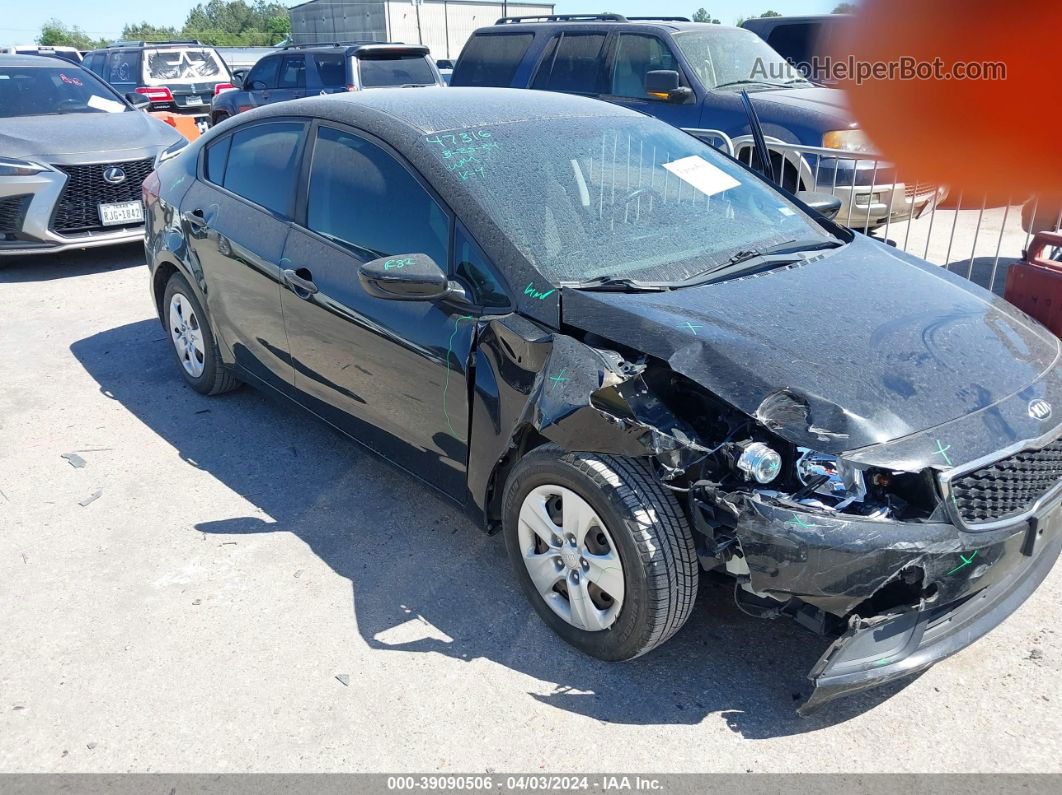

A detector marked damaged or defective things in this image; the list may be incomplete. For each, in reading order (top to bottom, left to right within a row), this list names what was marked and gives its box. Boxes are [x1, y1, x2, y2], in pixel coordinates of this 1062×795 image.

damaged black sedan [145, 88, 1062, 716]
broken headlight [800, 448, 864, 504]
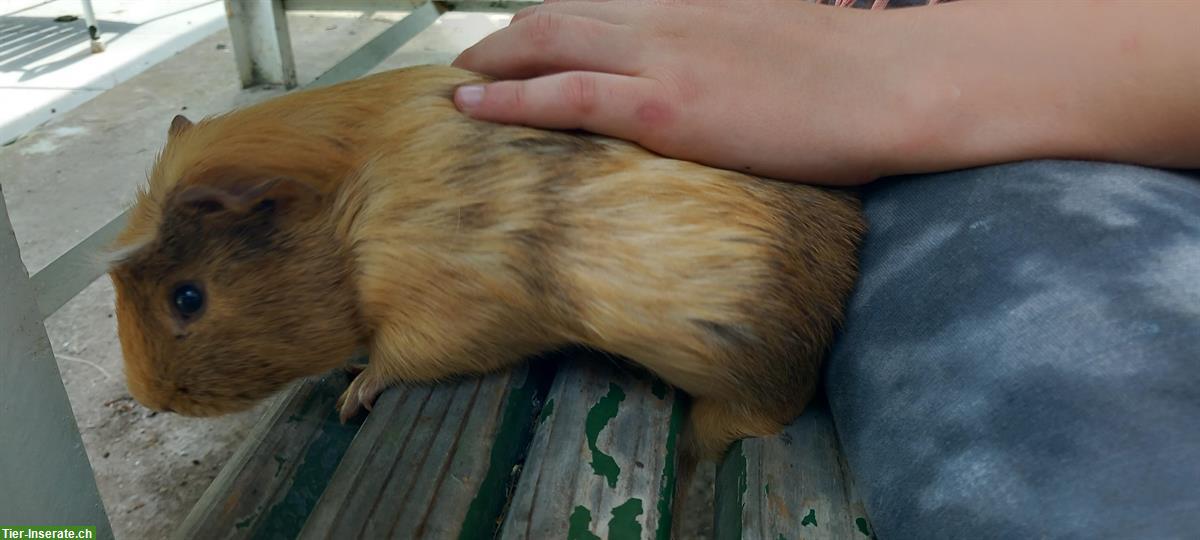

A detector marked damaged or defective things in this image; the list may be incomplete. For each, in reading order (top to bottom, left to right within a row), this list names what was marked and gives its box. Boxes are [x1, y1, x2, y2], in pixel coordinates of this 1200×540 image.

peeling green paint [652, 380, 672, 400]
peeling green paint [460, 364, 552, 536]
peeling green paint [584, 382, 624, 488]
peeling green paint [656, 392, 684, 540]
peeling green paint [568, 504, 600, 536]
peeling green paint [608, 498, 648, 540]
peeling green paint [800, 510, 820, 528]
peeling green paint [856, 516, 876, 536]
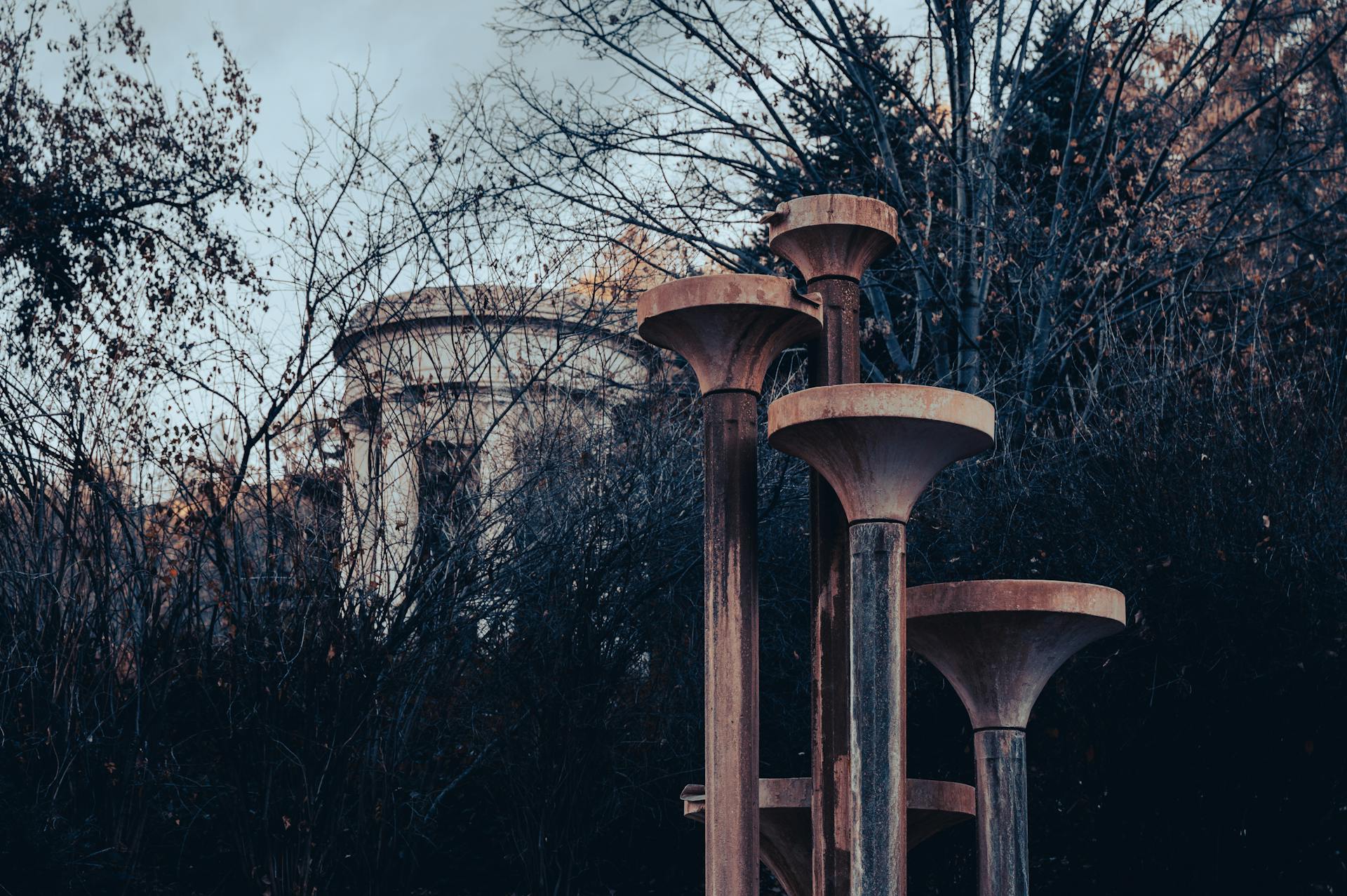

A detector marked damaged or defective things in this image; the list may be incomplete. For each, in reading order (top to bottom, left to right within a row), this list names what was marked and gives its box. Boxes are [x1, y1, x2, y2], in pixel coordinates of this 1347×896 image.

| TO DO |
Exact copy, no pictures: return the entries word for word.

| SOLUTION |
A detector marked damaged or defective things in this image; the list may be incomplete. For each, in reading order (top to bottom, left to right within a row), this list names what was marked and gives its box. Boxes are [x1, y1, x2, y2], in pixel coordinates of this 1062×795 image.

damaged black sedan [145, 88, 1062, 716]
broken headlight [800, 448, 864, 504]

A detector marked damaged or defective things in this image; the list may be incomplete. For each, in reading order (top to bottom, left to right within a row), this list names what was marked and gives its box. Boxes are [x1, y1, x2, y2], in pixel coordinates of this 1200×540 image.

peeling green paint [652, 380, 672, 400]
peeling green paint [460, 364, 552, 536]
peeling green paint [584, 382, 624, 488]
peeling green paint [656, 392, 684, 540]
peeling green paint [568, 504, 600, 536]
peeling green paint [608, 498, 648, 540]
peeling green paint [800, 510, 820, 528]
peeling green paint [856, 516, 876, 536]

A detector marked damaged or defective things in this image; the list may be incomplete. For each, in reading order (top to bottom, left to right within a row), this list names what was marked and gives its box. Boxes are [x1, y1, x2, y2], in pixel coordinates of this 1347×896 image.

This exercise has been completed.